WORK REQUEST:
Within the lines below, the span from the line with "animal planet arabian" to the line with "北师大7年级生物上册高清教材", both ends included, is to be reproduced exactly, with pictures omitted.

DATA:
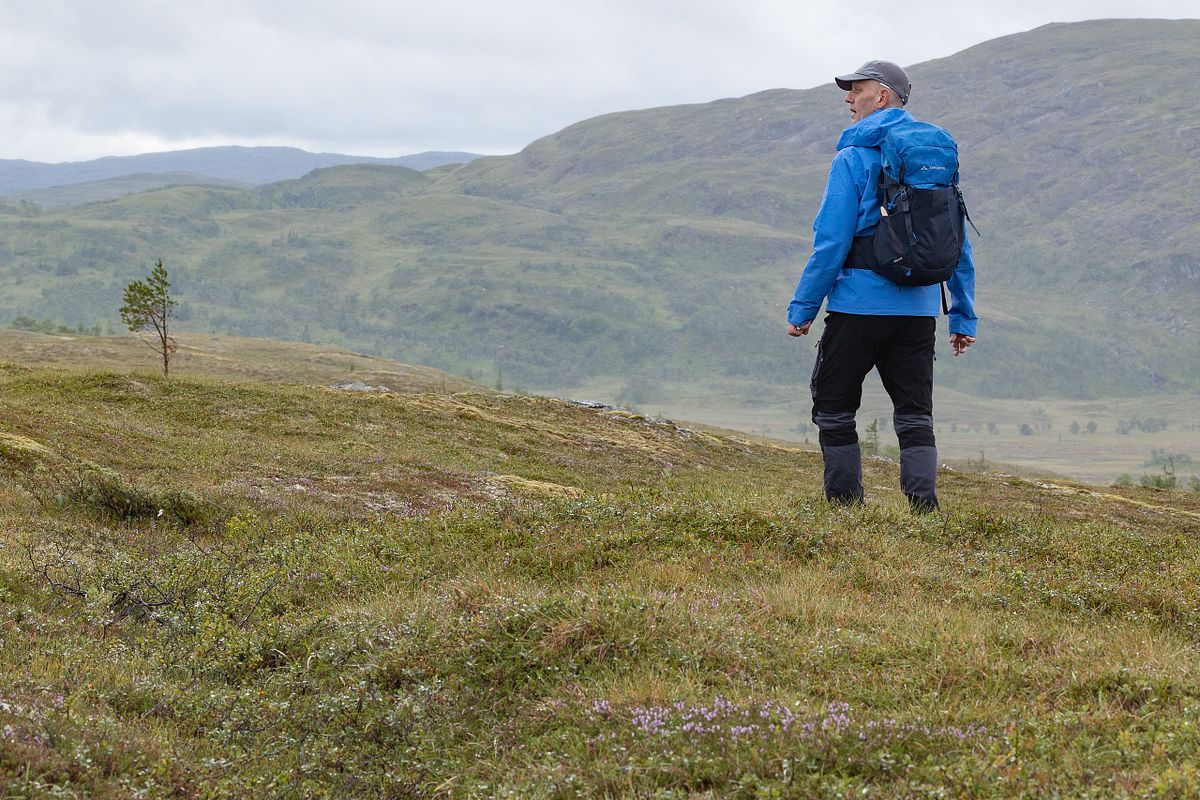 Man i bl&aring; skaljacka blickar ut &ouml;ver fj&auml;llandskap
* * *
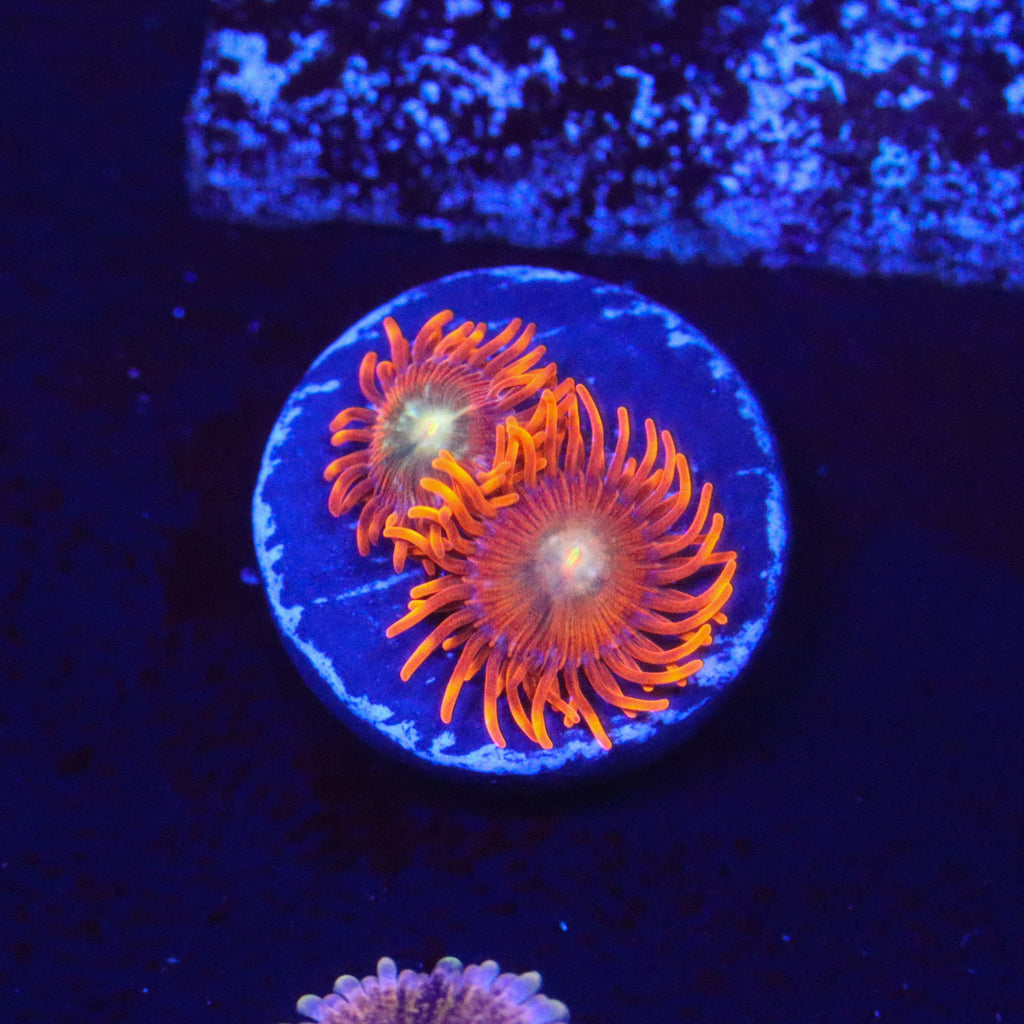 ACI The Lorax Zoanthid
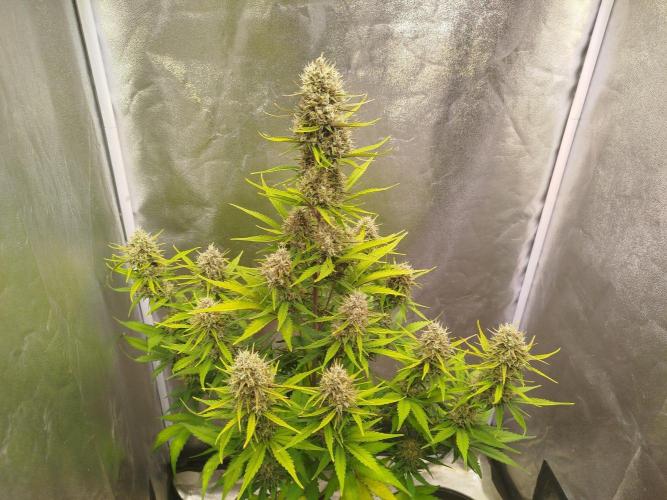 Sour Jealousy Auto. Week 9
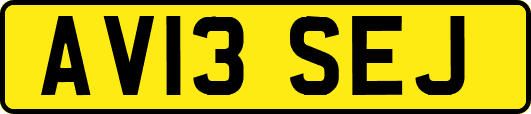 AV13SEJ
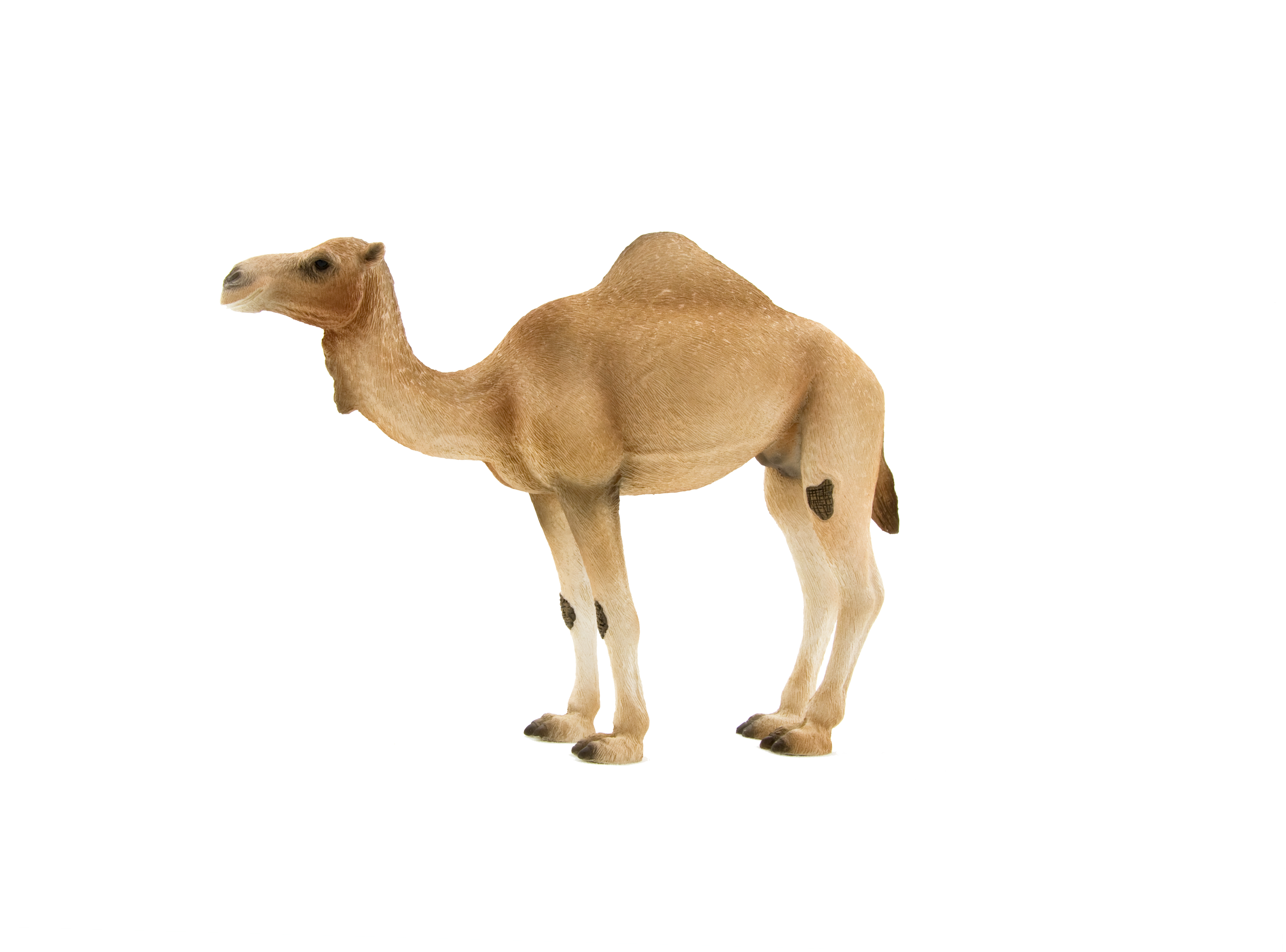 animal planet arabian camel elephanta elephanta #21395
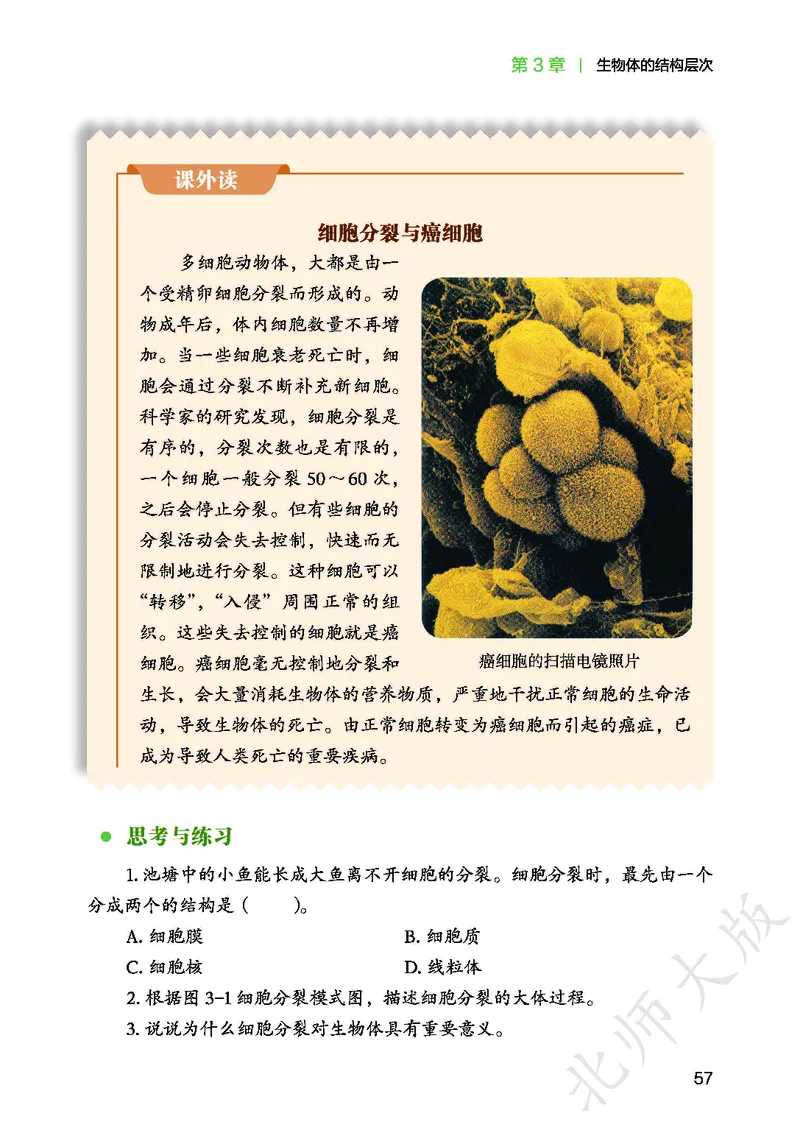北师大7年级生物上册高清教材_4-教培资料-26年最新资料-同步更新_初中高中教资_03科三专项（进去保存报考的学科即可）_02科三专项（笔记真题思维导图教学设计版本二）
==
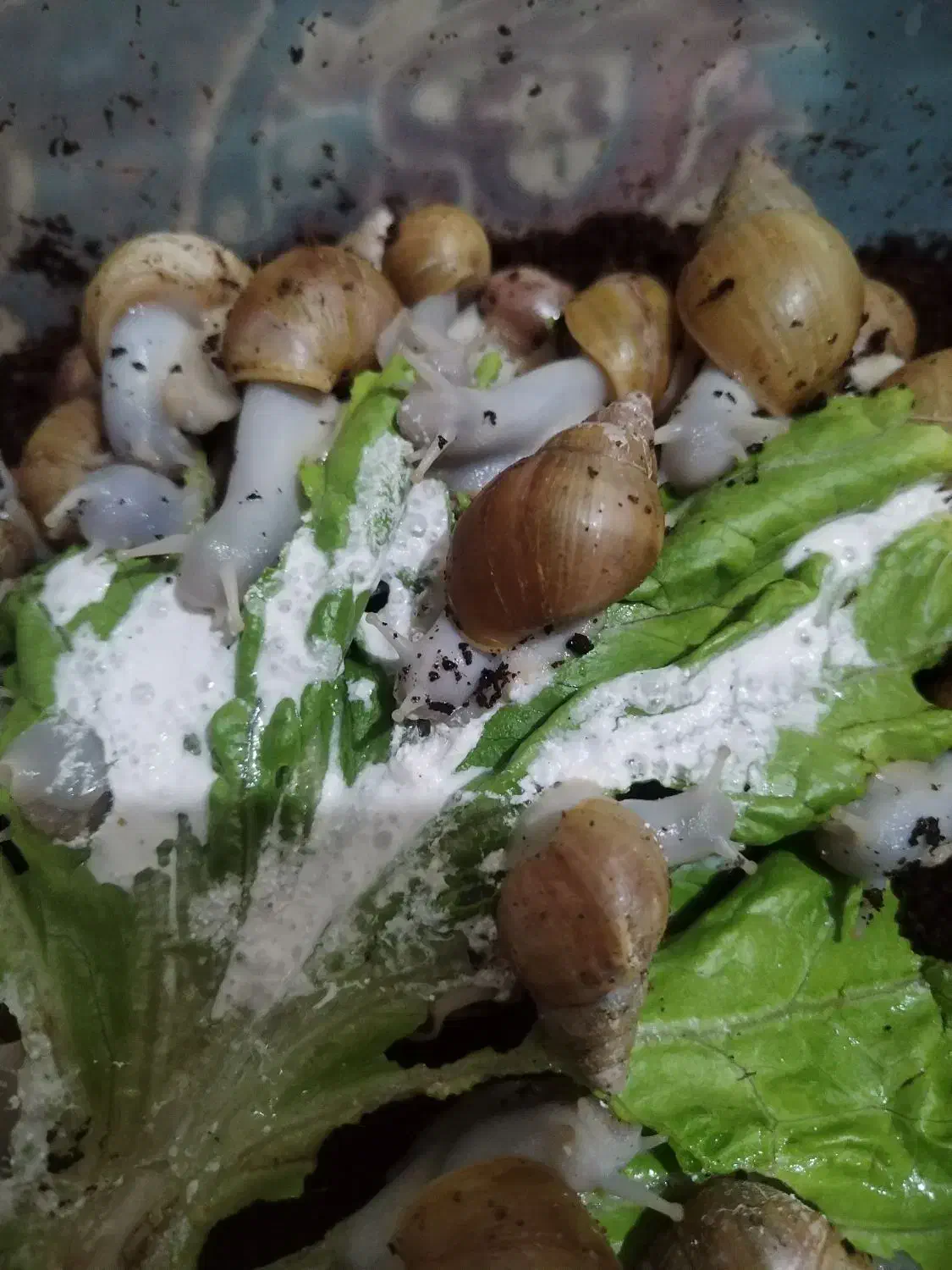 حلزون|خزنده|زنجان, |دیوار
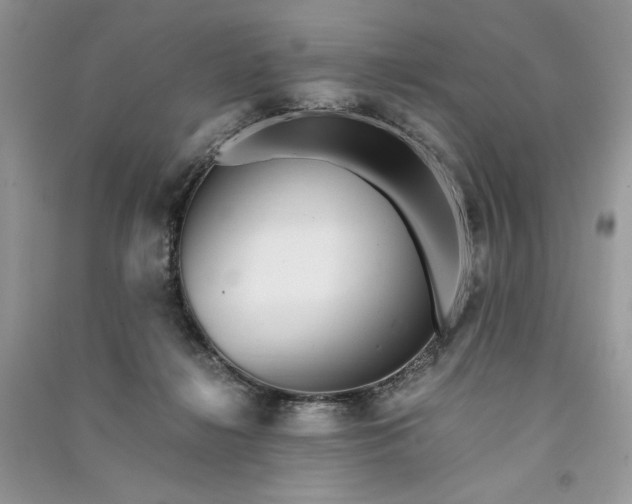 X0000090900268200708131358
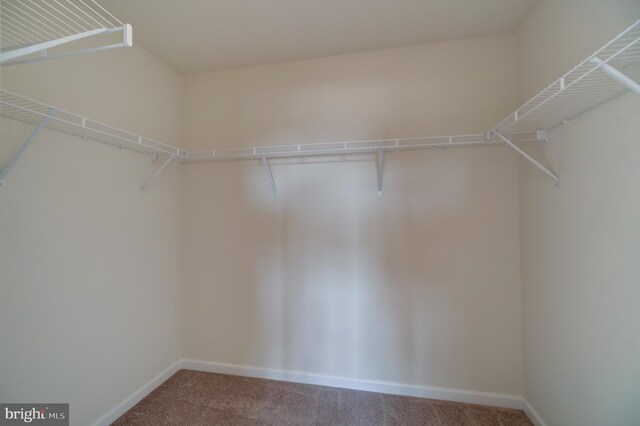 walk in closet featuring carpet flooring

ANSWER BELOW:
 animal planet arabian camel elephanta elephanta #21395
北师大7年级生物上册高清教材_4-教培资料-26年最新资料-同步更新_初中高中教资_03科三专项（进去保存报考的学科即可）_02科三专项（笔记真题思维导图教学设计版本二）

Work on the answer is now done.